Tra gli altri provvedimenti che saltano a causa della lunga pausa elettorale c'è quello sul servizio idrico integrato che in Sicilia che acquista una grande importanza in vista della scarsità d'acqua che d'estate colpisce la regione, quello sul recupero del patrimonio edilizio nei centri storici ma soprattutto quello sulle zone franche montane che paradossalmente era stato assegnato all'aula con la procedura d'urgenza.

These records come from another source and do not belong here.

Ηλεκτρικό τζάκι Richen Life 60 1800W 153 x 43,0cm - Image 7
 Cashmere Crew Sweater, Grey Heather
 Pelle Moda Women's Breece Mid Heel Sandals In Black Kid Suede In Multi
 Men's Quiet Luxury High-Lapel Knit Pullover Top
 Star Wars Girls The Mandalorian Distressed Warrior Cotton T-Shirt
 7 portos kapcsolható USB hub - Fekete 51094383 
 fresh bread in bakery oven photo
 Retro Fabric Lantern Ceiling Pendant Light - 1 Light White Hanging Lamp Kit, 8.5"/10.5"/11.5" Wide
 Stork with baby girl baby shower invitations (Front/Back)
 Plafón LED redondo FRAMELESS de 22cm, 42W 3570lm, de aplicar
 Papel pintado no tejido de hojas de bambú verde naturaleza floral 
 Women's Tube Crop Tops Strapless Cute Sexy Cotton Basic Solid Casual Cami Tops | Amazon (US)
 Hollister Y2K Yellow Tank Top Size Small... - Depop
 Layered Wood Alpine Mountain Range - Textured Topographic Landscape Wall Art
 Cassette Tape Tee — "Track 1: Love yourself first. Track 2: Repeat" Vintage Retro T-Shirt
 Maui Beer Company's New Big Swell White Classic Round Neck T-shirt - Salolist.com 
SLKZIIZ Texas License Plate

Non c'è stato nessun rinvio o ritardo invece per un provvedimento salva casta. L'Ars infatti nella legge finanziaria approvata il primo maggio non ha avuto problemi a far passare la norma che prevede una finestra di tre anni, dal 2017 al 2020, per consentire a 400 dirigenti e 1.900 funzionari e dipendenti regionali di andare in pensione senza incorrere nelle penalizzazioni della legge Fornero. Una norma che con la pubblicazione sarebbe già operativa se non fosse che questa volta è stato Palazzo Chigi a chiedere chiarimenti sulla norma che potrebbe impugnare.